Pega interno entre Jones e Reutemann pode ter custado título de 81 à Williams
(Foto: Williams F1)

Jones-Reutemann: a louca briga que custou um título à Williams em 1981

“Jones-Reut”. Pode não parecer, mas a reunião desses 10 caracteres em uma mesma placa custou à Williams um título mundial. A mensagem, comum em muitos momentos do automobilismo mundial e ininteligível para quem não acompanha o esporte a motor, mudou os rumos de um campeonato que tinha tudo para ser tranquilo. Carlos Reutemann decidiu desobedecer a uma ordem de equipe para vencer o polêmico GP do Brasil de 1981. Ganharia um inimigo, Alan Jones, e faria uma temporada já confusa nos bastidores transbordar em drama.

“Só se for no seu rabo, camarada”. O argentino estava com 39 anos. Vivia o arrebol da carreira e teria naquele certame sua última chances de ser campeão. Não que Lole fosse tão obcecado por isso. “Se o título vier, ótimo. Caso não venha, o sol continuará a nascer no leste e a se por no oeste”, sentenciou certa vez.

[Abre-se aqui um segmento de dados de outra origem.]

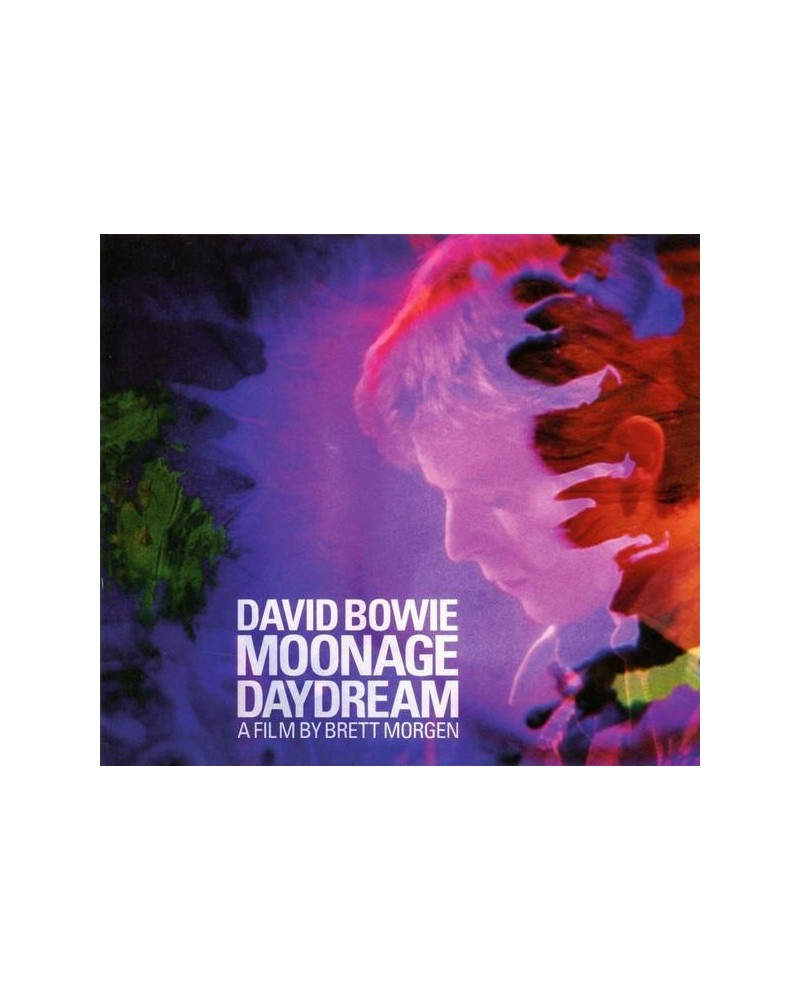 David Bowie MOONAGE DAYDREAM - MUSIC FROM THE FILM (2CD) CD $8.64 CD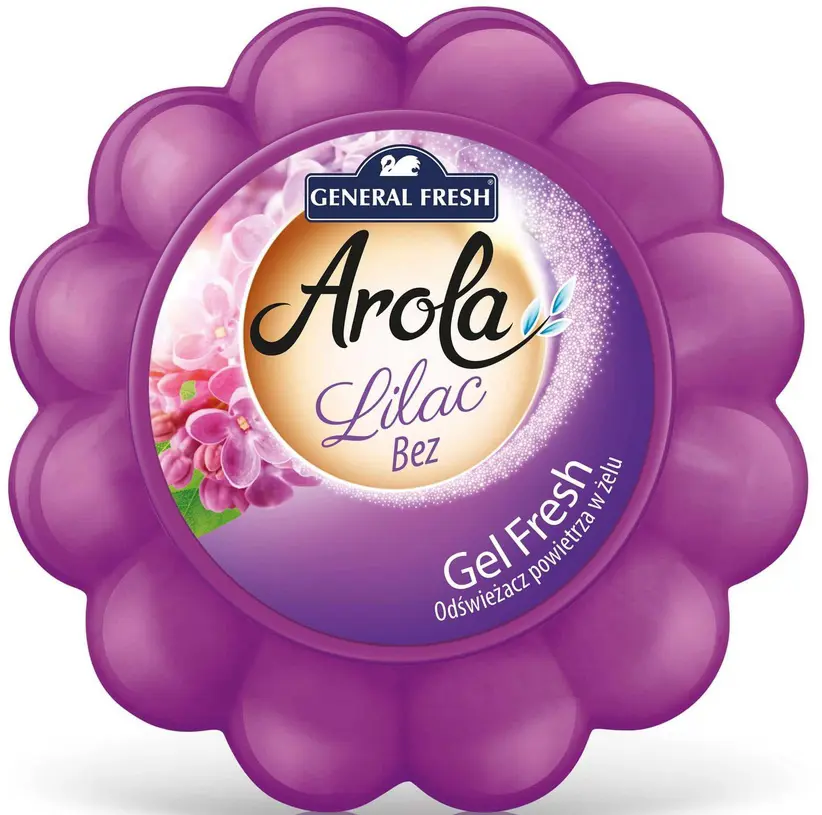 OSV.GENERAL FRESH GEL.150g -COTTON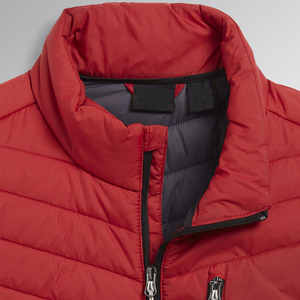 Bubble <b>Padded</b> Vest Women Lightweight Quilted Body Warmer Sleeveless Puffer Jacket Slim Fit Windproof Waistcoat for Daily Wear - Product Image 6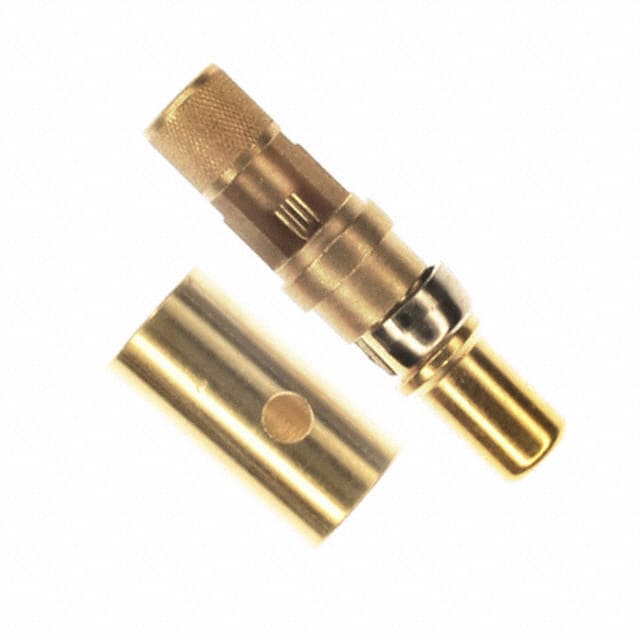 131J20049X Conec  Contactos de conector D-Sub en forma de D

Talvez tenha sido a ambiguidade entre o sujeito apto a ignorar a vontade dos chefes para triunfar em um GP, mas não tão capaz assim de lidar com as pressões de disputar um campeonato inteiro, o que levou Reutemann a nunca alcançar a glória máxima na F1.

“Jones-Reut”. Antes de mais nada, precisamos dar ao nobre leitor uma breve prévia do ocorrido, o que passa necessariamente pelo histórico e pela personalidade dos dois antagonistas de nossa história. Jones, australiano de humor sarcástico e sem papas na língua, deu à Williams seu primeiro título de pilotos e construtores em 1980. Considerado peça-chave para transformar a operação numa esquadra vencedora no fim dos anos 70, devido à forma direta e pragmática com que trabalhava junto a Frank Williams e Patrick Head, o oceânico conquistou também os mecânicos da escuderia, muito graças ao estilo brucutu e sem frescuras.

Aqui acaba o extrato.